The securities firm said in its monthly review on Asian
economies that Indonesia's economy could post one of its fastest
rates of expansion in recent years before easing to a more
sustainable pace of growth in 1996.
President Soeharto said in his National Day Address at a
plenary session of the House of Representatives here last
Wednesday that the country's annual economic growth target for
the remaining four years of the current Sixth Five Year
Development Plan (Repelita VI) period should be revised upward
from an average of 6.2 percent to 7.1 percent.
The President said that the current growth projection was too
low, given the higher than estimated growth in the last five
years.
The average rate of economic growth in the previous five-year
development plan period reached 8.3 percent per annum, while in
1994, the first year of the current sixth five-year development
plan period, the figure reached 7.3 percent.

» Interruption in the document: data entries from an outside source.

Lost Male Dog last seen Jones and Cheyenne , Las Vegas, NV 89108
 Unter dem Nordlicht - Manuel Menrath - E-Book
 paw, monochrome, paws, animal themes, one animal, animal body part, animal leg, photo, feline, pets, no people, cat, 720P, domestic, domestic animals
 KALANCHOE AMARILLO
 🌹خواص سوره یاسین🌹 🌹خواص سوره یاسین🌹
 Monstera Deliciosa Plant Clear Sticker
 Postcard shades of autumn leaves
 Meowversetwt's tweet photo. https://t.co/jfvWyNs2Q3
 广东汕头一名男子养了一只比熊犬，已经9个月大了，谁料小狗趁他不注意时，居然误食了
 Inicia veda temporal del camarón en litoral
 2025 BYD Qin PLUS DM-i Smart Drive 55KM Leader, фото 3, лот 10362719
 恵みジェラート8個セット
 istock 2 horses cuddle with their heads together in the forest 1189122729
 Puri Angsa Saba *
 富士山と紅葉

Soeharto said that the per-capita income target of US$1,020 by
1999 should be revised upward as the per capita income had
already reached $919 at the end of 1994.
"The low target does not encourage us to work harder, work
more productively and efficiently," the President said in his
speech.
Local economists also expressed optimism that the economic
growth in 1995 would pass President's revised growth target,
given the sharp increase in investment in the last two years.
However, economists Loekman Soetrisno and Nopirin of the
Gadjah Mada University said in Yogyakarta on Saturday that the
higher growth target can only be achieved if the government
eradicates corruption and collusion between businesses and
government officials.
"Corruption and collusion have reached a level which can
hamper the country's economic development," Loekman was quoted by
Antara as saying.
Nopirin, who is also the dean of the university's school of
economics, said collusion had caused the concentration of almost
two-thirds of the country's wealth in the hands of a limited
group of people.
Merrill Lynch said that a buoyant fixed investment growth of
about 12 percent per annum is likely to be the major contributor
to Indonesia's economic expansion, especially as the investment
approvals in the past 12 months get translated into actual
spending.
Investment growth is also likely to be bolstered by ongoing
efforts to improve key infrastructure like electricity supply,
telecommunications and transportation, it said.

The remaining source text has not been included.